While we were hiking along the PCT on Sunday, I started to think about the most dangerous thing I have seen in the seven years I have been camping and hiking with Troop 682. Let’s see if you can guess what I was thinking about. Was it:

A Bear?

Bear at Fish Camp

Not really dangerous as long as you don’t bring food or other “smellables” into your tent.

A scorpion? A rattlesnake?


We’ve seen quite a few of both on various trips. They can be scary, but they’re usually pretty easy to avoid. So no, not the most dangerous.

A Scout climbing unsafely?


Yes, it’s a long way down, and he’ll get a lecture from me once he’s safely back on earth, but again, no, not the most dangerous.

A violent windstorm? Sand in the eyes, tents about to blow away with a small Scout inside?


We have actually seen it. (See the rocks holding down the tents? They didn’t work.) But it’s not the most dangerous.

Cold rain? Hail?


Hypothermia is scary if you’re not prepared, but that’s not the most dangerous thing I’ve seen either.


In 2012 at Philmont we experienced two thunderstorms with lightning striking very, very close. We spread out and crouched in lightning position for 40 minutes each time. It was very scary. But even that wasn’t the most dangerous thing I’ve seen with the Troop.

Give up yet? The most dangerous thing I’ve seen with the Troop is an empty water bottle.

102 Where's DM's waterbottle?

An empty water bottle means someone didn’t bring enough water, and dehydration can be a killer, even when it’s cool or we’re not in the desert.

How, you might ask, is dehydration more dangerous than lightning? At Philmont, lightning strikes do happen every couple of years. In fact, while teaching us how to be lightning safe, our Philmont Ranger told us that in the previous ten years, five Scouts and Scouters had been struck by lightning. They all survived, and they all finished their Philmont trips, after spending one night in the hospital.  Later in the trip, I met another adult Advisor. He was upset, because one of his Scouts had to be carried off the Tooth of Time, spent two nights in the hospital, and then had to go home. But he wasn’t struck by lightning — he let himself get dehydrated. Dehydration is more dangerous than lightning.

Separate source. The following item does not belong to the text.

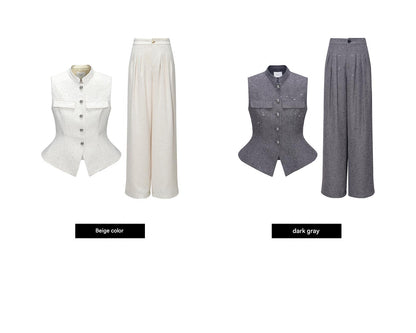 WANGXO | Silver Classic Tweed Vest & Straight-Leg Pants Suit - LYRA.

Suggestions from the Old Goats:

  • The Troop’s expectation is that every boy (or adult!) has at least two liters of water whenever we leave camp or go hiking — and more if the weather is hot or dry.
  • We recommend using Nalgene one-liter bottles. They’re relatively inexpensive – about $10 each – and indestructible.
  • We do not recommend using a Camelback or similar bladder system. They are easily damaged, and a leaky one is useless. Also, Camelbacks make it very hard for the older Scouts and adults to keep track of how much water each boy has.
  • Whatever you use, be sure that you actually have two liters or more. Many sports water bottles do not hold a full liter, so you will need more than two. (For example most Clean Canteen aluminum bottles are only a half-liter; Under Armour polycarbonate ones are usually 750 ml)
  • Disposable water bottles (like Arrowhead, etc.) are generally too fragile to last for a whole Scout weekend. (And again, most of them are only a half-liter.)

By the way, all of these pictures except the lightning strike are from the Troop Flickr site – we actually experienced all of these! Clicking on a picture will take you to that trip on Flickr.